Prólogo de la muestra “Paisajes Urbanos”, Centro Cultural Recoleta, Buenos Aires, Argentina

El ojo del arquitecto es naturalmente un ojo constructivo. El ojo del pintor en cambio, si bien está referido también a la construcción de su propia obra está dirigido, ante todo, a su entorno. Su ojo nunca se reposa sobre la unidad de las cosas aunque lo parezca. Cuando ve algo concreto lo está viendo en su relación con lo que lo rodea. El pintor ve relaciones. Es por esto que se encuentra en la frontera entre lo figurativo de las cosas en sí mismas y abstracto que irrumpe entre ellas (particularmente por la magia simbólica de la luz y la sombra y los climas de color).

Es propio de la libertad del pintor pasear por esos campos, escoger uno más que el otro o quedarse en la frontera entre ellos. Si el arquitecto construye, el pintor desconstruye para luego, en función de los escombros sensoriales, construir su obra testimoniando aquello que cada cosa deja de ser en su interrelación con las otras a través de su propia sensibilidad. Esto es lo que justamente Hegel denomina “principio de interioridad”, el cual es –según él-la particularidad de la pintura frente a las otras artes plásticas, entre ellas la arquitectura.

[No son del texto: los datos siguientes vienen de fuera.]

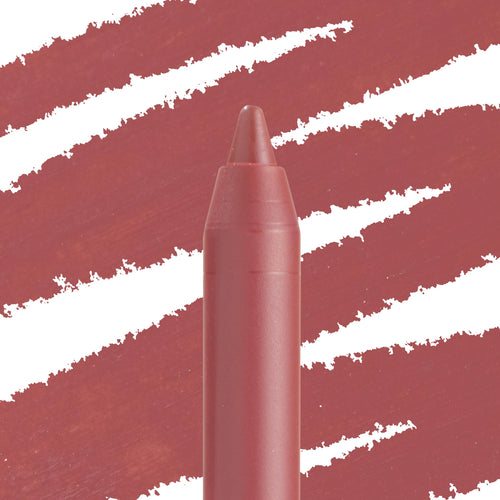 ColourPop Lippie Pencil in Double Tap, a rosy mauve lip liner, standing tip-up with bold diagonal swatch strokes behind on a white background.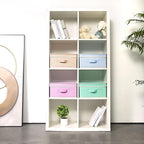 Storage Bins with Lid, Foldable Clothing Storage Box case with Handle for Closet, Bedroom, Home, 4 Color Set B, 13L x 12.5W x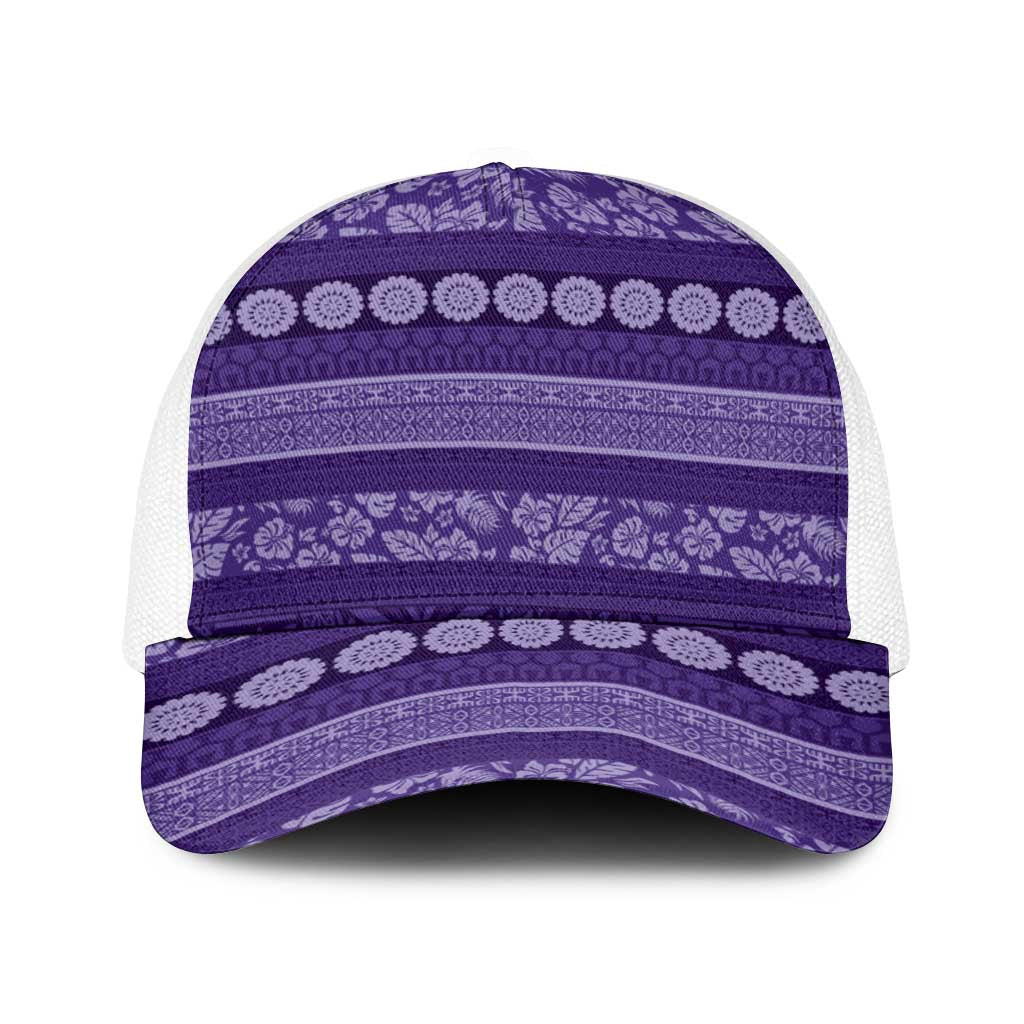 Fiji Marau na Kerisimasi Baseball Net Cap Purple Tapa Masi Inspired Christmas LT9 One Size White Purple - Polynesian Pride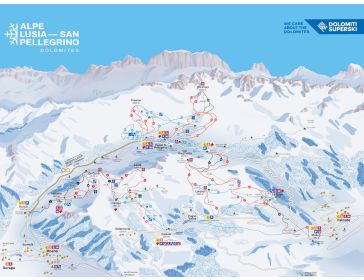 Pistekaart Dolomieten - Alpe Lusia-San Pellegrino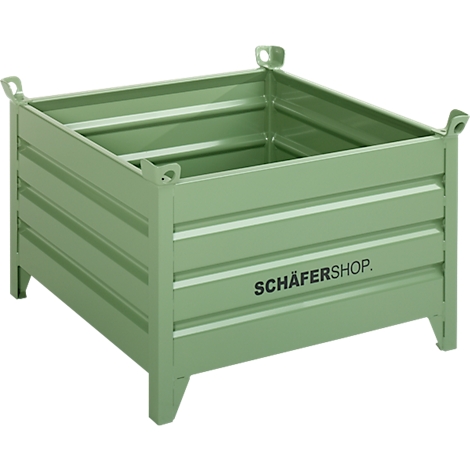 Hellgrüner, rechteckiger Metallbehälter mit geriffelten Seiten. 'SCHÄFERSHOP' ist auf der Seite geschrieben.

A este principio él lo define diciendo: “La superficie sobre la cual la pintura hace aparecer los objetos ofrece por ella misma la posibilidad de crear ambientaciones, relaciones y combinaciones de todo tipo. El color exige que a particularización de la apariencia corresponda una particularización del interior”. Esto lo lleva a sostener que el principal contenido de la pintura es la subjetividad en sí misma. Si la construcción del arquitecto objetiva la destrucción del pintor subjetiva. Pero éste, luego, al hacer su obra exterioriza la subjetivación, o sea, la objetiva.

Silvia Alvarez no es el primer caso de arquitecto que pinta. Al contrario, como muchos de sus dobles colegas, ve en las construcciones urbanas en sí mismas y en sus referencias con otras construcciones, pero lo particular de su obra pictórica reside en el testimonio de lo construido desconstruyéndose.

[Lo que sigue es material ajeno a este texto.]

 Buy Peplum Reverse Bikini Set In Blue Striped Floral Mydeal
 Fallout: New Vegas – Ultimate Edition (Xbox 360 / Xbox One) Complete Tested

Si la línea gruesa negra es un instrumento fundamental para mostrar una visión constructiva en el plano, y los valores (o sea los diferentes grises que se encuentran entre el blanco y el negro) para reflejar en la superficie al volumen; el color es el factor, por el contrario, eminentemente desconstructivo por dispersante. Silvia se vale por esto mismo del color y de líneas que vecinan colores causando vibraciones visuales. O sea que cuando pinta se convierte en una anti-urbanista, por la simple razón que vivencia a la ciudad tal como es en sus propias contradicciones; subjetiva lo objetivo para en el mismo proceso objetivar esa subjetivación.

El organismo urbano, amoroso y pasional, odioso, sucio y desgastado, pero siempre vital nos es transmitido por Silvia con la distancia de la niña Alicia describiéndonos los mundos donde estuvo y paseó pero siempre colocándose fuera de ellos. Las casas de Silvia se tuercen y viven como la mano de ella describiendo en el plano lo que se supone que es inmóvil. Mano, ojo y amor al color se unen para mostrar lo viviente de esa naturaleza muerta que es una ciudad. Para ello no necesita pintar seres humanos. La humanidad reside en su testimonio.